Segunda-feira 1 de maio de 2018 | Presidente Prudente/SP

Apenas 23% dos que trabalham em transporte por aplicativo pagam INSS

Rafael Cardoso – Agência Brasil

Em 16/02/2023 às 15:00

Números baixos de contribuintes na modalidade gig economy aumentam a vulnerabilidade dos trabalhadores, que ficam desprotegidos ante eventuais riscos

(Foto: Arquivo/EBC)

Estudo publicado pelo Instituto de Pesquisa Econômica Aplicada (Ipea) mostra que apenas 23% dos trabalhadores de transporte por aplicativo contribuem para o Instituto Nacional do Seguro Social (INSS). 
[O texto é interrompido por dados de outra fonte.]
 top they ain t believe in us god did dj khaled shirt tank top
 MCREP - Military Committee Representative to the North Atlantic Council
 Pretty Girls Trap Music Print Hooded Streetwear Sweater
Os dados consideram toda a categoria gig economy, expressão usada para falar daqueles que não têm vínculo formal de trabalho (sem carteira assinada), prestam serviços sob demanda e de modo temporário.

Alguns exemplos são os motoristas de aplicativo, os entregadores de moto ou bicicleta, e os mototaxistas. Nos dois últimos trimestres de 2021, havia 1,5 milhão de pessoas no país nessa modalidade. No terceiro trimestre do ano passado, o número chegou a 1,7 milhão.

No mapeamento regional, os contrastes são grandes. As maiores taxas de contribuintes estão no Sul (37%), Sudeste (27%) e Centro-Oeste (22,9%). Nordeste (16,5%) e Norte (9,6%) têm taxas bem abaixo da média nacional. 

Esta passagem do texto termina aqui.